Dr. Frank Ochberg, a clinical professor of psychiatry at MSU and former associate director of the National Institute of Mental Health, led the committee.
“(Miller's) a very harmless-looking guy, and he’s the kind of guy who would be a model prisoner,” Ochberg said. “That’s one of the dangers, when this guy comes up (for parole) decades later, people looking at him don’t have the full history.”
While the committee studied ways to keep Miller behind bars, the group stumbled on a 1994 prison infraction in Miller’s MDOC record.
Prison officials had found a garrote — a strangling device made from a shoestring and barrel buttons — in Miller’s cell at Kinross Correctional Facility in Chippewa County.
“We believed that he was going to use them on a female corrections officer up there,” said Bob Dutcher, a former Meridian Township police captain who helped build the case against Miller.
Sauter and Dunnings, appointed as special prosecutors, took Miller to trial in Chippewa County, where a jury convicted him of possessing a weapon in prison.
Miller’s weapons charge tagged another 20 to 40 years to his sentence.
Bengtson, Miller’s original defense attorney who was retained again by Miller’s family for the case, called the charge and sentence “ridiculous.”
“I didn’t think it was factually grounded,” Bengtson said. “I expected him to walk out a free man.”
Worries about the future
Nearly four decades after her rape, Lisa Gilbert said she forgives Miller, but believes he is beyond rehabilitation. She plans to tell the parole board the same.

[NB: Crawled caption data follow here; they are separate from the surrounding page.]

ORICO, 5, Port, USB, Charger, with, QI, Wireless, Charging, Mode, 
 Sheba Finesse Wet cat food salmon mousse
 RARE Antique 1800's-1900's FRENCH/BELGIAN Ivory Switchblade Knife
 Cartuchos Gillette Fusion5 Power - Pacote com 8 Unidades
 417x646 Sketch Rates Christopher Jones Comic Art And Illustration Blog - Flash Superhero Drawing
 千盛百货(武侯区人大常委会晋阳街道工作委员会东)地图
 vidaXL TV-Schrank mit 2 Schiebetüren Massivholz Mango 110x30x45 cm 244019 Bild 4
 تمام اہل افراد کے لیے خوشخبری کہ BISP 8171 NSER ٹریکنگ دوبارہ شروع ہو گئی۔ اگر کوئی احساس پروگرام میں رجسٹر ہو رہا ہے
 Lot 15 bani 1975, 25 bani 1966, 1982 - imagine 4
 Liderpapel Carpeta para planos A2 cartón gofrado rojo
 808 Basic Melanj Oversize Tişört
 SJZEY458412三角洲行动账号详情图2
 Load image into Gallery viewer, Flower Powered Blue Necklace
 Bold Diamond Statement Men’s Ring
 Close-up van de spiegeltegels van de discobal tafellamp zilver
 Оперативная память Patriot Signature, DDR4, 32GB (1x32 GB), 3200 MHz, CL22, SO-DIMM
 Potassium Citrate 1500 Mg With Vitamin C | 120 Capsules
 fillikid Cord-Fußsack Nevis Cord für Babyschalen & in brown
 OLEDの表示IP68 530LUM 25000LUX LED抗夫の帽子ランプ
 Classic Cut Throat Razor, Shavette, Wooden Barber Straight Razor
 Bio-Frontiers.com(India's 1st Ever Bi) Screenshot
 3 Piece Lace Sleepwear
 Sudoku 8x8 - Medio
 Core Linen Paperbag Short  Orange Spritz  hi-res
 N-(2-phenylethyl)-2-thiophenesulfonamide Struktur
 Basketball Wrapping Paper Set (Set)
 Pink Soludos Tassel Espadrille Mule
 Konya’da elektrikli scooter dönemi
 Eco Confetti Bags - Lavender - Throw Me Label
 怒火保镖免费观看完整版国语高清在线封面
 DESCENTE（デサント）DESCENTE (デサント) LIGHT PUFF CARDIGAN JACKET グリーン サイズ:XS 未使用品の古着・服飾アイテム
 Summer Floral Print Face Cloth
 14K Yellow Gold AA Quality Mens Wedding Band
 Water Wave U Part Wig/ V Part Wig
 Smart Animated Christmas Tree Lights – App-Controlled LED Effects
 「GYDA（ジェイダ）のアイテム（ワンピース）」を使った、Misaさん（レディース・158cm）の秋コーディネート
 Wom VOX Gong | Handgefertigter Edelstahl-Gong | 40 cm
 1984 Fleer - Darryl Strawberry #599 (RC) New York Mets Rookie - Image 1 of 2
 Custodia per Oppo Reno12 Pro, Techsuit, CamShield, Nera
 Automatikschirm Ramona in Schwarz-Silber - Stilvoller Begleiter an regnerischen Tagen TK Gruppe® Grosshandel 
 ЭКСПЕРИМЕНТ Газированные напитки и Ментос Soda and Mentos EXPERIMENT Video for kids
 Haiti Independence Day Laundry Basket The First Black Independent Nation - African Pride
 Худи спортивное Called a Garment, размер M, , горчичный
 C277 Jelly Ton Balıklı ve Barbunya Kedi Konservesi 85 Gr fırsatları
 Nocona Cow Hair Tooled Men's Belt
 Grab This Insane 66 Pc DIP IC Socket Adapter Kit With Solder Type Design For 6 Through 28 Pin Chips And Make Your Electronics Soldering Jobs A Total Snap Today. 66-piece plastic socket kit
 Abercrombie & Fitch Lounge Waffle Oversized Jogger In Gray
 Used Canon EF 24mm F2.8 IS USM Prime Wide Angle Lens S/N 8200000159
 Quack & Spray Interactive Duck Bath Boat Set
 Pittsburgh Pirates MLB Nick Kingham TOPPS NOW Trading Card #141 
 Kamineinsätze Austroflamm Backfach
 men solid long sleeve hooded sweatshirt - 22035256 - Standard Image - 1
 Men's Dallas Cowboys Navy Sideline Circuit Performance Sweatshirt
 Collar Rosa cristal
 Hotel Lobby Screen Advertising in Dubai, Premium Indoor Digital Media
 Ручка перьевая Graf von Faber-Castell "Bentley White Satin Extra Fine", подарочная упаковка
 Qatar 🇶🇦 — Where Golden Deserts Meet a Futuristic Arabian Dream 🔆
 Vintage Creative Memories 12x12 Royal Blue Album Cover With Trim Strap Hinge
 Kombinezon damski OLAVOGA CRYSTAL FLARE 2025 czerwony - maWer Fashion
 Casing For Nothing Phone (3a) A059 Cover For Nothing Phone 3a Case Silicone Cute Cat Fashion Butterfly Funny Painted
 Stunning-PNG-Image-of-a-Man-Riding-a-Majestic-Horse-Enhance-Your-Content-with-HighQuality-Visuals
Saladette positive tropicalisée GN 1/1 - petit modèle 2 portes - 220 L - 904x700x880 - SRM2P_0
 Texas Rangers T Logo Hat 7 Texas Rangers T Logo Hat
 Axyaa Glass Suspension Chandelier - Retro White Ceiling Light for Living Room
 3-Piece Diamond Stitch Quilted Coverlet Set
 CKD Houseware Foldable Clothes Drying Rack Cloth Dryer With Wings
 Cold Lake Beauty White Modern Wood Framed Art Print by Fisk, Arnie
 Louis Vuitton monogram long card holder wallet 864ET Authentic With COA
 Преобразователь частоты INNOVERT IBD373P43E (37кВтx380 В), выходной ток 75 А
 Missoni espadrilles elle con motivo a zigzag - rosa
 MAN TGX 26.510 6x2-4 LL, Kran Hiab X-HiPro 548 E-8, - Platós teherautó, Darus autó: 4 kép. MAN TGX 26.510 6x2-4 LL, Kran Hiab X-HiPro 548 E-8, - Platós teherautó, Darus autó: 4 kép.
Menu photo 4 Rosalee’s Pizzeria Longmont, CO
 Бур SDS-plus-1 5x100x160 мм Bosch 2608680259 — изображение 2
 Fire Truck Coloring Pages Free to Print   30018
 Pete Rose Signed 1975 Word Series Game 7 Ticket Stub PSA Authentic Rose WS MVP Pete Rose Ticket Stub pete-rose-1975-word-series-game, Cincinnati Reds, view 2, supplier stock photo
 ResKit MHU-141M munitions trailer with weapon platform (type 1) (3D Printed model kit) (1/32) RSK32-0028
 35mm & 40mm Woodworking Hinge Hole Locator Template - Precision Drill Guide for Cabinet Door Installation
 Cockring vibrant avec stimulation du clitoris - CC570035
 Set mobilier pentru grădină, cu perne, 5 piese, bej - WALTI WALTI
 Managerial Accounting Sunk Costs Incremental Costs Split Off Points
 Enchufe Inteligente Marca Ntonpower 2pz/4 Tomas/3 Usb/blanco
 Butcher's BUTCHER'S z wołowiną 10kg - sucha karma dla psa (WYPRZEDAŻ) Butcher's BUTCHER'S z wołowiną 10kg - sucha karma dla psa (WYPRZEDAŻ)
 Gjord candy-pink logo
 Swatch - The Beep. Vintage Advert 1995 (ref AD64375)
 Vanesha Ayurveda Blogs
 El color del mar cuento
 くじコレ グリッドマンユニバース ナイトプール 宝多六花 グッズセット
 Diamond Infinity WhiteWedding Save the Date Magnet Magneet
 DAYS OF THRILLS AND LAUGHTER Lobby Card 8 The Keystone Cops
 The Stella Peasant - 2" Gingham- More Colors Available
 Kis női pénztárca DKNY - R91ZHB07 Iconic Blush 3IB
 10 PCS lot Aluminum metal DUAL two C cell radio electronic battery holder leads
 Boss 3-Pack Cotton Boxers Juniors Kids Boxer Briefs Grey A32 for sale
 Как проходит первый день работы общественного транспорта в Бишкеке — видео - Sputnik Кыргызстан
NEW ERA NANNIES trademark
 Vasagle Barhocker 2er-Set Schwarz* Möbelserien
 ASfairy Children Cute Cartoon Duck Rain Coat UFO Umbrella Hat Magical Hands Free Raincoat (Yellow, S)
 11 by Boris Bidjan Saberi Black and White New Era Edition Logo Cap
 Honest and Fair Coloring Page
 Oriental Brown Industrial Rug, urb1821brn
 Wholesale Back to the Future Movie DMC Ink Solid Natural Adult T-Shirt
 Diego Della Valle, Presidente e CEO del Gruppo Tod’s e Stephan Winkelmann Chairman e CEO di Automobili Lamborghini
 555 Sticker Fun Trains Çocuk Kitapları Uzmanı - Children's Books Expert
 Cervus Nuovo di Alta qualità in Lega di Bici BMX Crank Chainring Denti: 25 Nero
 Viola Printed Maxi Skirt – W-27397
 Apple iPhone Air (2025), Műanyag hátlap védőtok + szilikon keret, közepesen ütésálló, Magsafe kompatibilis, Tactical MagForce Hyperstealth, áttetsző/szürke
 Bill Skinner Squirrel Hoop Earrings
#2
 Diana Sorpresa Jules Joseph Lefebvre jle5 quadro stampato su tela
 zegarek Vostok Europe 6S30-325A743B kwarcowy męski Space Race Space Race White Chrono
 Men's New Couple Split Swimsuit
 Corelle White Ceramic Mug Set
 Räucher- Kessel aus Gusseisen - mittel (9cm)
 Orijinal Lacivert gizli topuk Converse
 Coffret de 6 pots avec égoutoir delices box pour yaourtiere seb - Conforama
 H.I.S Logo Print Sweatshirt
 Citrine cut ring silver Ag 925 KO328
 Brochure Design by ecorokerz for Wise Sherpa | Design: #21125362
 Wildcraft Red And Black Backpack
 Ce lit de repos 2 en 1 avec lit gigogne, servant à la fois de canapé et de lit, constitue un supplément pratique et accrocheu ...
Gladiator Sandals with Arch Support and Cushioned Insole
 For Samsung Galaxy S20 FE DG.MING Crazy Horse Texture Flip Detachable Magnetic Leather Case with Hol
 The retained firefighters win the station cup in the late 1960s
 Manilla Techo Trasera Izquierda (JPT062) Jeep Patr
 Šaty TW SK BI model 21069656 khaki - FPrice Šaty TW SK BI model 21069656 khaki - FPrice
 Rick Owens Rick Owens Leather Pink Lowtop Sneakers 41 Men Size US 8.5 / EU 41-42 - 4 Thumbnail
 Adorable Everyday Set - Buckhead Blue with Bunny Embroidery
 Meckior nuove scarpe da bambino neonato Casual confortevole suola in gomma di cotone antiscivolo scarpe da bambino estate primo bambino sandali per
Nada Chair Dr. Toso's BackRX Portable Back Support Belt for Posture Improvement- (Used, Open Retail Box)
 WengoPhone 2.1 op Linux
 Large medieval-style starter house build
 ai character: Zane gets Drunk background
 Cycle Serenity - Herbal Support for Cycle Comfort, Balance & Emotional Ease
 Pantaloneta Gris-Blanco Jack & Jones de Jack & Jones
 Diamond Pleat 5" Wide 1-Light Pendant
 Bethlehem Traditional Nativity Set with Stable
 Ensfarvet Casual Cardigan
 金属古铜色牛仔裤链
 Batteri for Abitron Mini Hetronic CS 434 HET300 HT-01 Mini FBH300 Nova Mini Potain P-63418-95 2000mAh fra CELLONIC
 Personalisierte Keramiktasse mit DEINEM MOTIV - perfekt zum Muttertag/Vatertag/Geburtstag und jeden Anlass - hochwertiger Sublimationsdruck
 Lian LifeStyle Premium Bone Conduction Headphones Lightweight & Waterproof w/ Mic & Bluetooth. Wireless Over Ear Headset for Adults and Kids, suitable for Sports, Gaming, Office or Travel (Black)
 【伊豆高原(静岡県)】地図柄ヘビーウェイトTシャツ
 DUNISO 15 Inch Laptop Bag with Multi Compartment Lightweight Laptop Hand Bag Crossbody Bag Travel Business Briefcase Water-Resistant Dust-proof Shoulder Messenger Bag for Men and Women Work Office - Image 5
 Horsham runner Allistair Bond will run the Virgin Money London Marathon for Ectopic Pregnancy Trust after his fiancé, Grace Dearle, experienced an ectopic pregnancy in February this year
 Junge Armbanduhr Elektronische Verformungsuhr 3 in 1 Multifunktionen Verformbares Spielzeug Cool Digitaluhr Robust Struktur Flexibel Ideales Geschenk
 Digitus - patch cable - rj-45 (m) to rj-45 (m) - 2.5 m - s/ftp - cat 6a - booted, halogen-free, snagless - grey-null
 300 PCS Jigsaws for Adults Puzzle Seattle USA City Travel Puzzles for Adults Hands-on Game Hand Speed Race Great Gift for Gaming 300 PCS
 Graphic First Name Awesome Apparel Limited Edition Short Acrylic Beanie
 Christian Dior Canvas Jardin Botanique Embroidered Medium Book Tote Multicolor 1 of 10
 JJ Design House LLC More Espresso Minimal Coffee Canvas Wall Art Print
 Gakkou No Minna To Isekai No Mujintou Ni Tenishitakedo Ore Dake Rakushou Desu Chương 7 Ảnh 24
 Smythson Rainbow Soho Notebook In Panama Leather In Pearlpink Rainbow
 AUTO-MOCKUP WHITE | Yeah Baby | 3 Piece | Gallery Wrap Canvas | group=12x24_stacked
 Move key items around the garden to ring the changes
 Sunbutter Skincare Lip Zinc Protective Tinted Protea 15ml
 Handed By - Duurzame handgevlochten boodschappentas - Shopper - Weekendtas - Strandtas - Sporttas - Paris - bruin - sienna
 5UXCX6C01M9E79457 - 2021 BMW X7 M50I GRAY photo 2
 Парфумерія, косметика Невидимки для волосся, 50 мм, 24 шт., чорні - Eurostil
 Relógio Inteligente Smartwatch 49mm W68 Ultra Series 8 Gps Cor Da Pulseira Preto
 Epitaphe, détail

“My opinion counts,” said Gilbert, who has since married and moved out of Michigan. “I feel in a way that I’m not only speaking for my brother and I, but I’m speaking out for the other women who were robbed of their lives.”
Krapf-Haddock said she has never spoken publicly of her experience since testifying at Miller’s trial decades ago.
But a letter from the parole board in June, informing her of Miller’s latest chance at freedom, made her come forward, she said.
“It’s time for anybody who had anything to do with this case to make sure he doesn’t do this to our daughters, wives, mothers,” Krapf-Haddock said.
“The case is being forgotten. People are forgetting how dangerous this man is.”
Kay Young agrees.
“Because he is in a heavily controlled environment where he cannot kill others should not mislead people to the conclusion that he will choose not to kill again in free society,” Young said in an email. “Where he is now, others control his desire or fantasy to kill.”
Ochberg believes Miller is a sadistic psychopath, a lethal predator who will kill again if he’s released.
That’s why he and the committee campaigned nearly two decades ago to develop a form of civil commitment for killers who can’t be rehabilitated. The legislation to create such a system was unsuccessful.
“What do you do when someone’s served the sentence they were given," Ochberg said, "and they’re still deadly dangerous?”